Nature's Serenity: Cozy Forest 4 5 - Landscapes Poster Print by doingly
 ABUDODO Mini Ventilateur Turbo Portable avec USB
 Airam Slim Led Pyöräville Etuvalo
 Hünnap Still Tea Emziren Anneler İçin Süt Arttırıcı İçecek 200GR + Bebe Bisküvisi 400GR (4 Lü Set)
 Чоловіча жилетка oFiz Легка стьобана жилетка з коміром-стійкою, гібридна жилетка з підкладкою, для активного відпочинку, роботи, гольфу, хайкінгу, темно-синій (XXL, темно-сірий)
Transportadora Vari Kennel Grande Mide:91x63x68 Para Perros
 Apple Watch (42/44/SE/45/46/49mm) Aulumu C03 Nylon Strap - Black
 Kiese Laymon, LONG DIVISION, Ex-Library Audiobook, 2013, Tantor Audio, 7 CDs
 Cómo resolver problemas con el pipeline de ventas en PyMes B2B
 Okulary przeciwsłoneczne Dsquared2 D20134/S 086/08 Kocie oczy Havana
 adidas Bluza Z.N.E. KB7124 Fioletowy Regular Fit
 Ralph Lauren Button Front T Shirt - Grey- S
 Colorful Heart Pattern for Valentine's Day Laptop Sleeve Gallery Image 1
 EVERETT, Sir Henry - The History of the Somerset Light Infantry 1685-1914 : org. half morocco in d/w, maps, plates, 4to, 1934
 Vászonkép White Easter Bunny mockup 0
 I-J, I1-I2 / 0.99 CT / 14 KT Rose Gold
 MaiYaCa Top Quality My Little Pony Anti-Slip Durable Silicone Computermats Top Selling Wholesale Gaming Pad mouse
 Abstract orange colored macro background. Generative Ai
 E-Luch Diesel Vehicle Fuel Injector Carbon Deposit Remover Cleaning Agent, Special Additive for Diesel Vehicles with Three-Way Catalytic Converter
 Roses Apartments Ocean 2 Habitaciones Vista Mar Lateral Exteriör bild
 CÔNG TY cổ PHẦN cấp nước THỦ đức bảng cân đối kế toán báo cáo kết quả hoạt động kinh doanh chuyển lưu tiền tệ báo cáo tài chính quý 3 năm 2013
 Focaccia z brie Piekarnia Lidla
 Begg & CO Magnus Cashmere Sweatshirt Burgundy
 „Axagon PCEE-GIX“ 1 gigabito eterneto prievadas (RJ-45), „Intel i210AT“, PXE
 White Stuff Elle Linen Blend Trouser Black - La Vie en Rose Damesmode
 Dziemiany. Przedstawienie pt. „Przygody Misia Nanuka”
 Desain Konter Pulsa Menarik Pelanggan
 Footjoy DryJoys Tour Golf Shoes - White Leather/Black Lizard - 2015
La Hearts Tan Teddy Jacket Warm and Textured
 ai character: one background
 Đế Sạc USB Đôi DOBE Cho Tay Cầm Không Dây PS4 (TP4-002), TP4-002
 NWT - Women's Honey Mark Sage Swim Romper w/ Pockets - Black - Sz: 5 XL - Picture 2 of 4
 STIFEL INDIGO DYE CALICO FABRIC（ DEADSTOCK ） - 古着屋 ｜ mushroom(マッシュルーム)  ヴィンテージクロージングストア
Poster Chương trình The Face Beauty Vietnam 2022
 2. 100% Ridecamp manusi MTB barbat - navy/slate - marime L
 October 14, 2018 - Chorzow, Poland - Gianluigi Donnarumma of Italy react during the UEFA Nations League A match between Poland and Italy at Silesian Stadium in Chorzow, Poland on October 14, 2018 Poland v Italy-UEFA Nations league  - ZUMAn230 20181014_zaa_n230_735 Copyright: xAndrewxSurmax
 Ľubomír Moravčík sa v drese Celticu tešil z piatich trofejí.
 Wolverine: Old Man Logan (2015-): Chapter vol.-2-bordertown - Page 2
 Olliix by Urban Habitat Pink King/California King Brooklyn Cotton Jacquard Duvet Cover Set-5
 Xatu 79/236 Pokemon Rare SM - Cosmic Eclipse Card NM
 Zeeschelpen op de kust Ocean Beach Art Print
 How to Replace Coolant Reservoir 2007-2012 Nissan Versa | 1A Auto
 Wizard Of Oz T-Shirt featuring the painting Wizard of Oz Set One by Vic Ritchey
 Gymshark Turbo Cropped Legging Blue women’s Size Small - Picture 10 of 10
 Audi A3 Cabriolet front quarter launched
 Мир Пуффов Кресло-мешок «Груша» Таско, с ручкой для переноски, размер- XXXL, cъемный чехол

#####

There is a line with "Transportadora Vari Kennel" and a line with "E-Luch Diesel Vehicle" above. Copy exactly those two lines and all lines between them, with nothing else.

TASK OUTPUT ▸
Transportadora Vari Kennel Grande Mide:91x63x68 Para Perros
 Apple Watch (42/44/SE/45/46/49mm) Aulumu C03 Nylon Strap - Black
 Kiese Laymon, LONG DIVISION, Ex-Library Audiobook, 2013, Tantor Audio, 7 CDs
 Cómo resolver problemas con el pipeline de ventas en PyMes B2B
 Okulary przeciwsłoneczne Dsquared2 D20134/S 086/08 Kocie oczy Havana
 adidas Bluza Z.N.E. KB7124 Fioletowy Regular Fit
 Ralph Lauren Button Front T Shirt - Grey- S
 Colorful Heart Pattern for Valentine's Day Laptop Sleeve Gallery Image 1
 EVERETT, Sir Henry - The History of the Somerset Light Infantry 1685-1914 : org. half morocco in d/w, maps, plates, 4to, 1934
 Vászonkép White Easter Bunny mockup 0
 I-J, I1-I2 / 0.99 CT / 14 KT Rose Gold
 MaiYaCa Top Quality My Little Pony Anti-Slip Durable Silicone Computermats Top Selling Wholesale Gaming Pad mouse
 Abstract orange colored macro background. Generative Ai
 E-Luch Diesel Vehicle Fuel Injector Carbon Deposit Remover Cleaning Agent, Special Additive for Diesel Vehicles with Three-Way Catalytic Converter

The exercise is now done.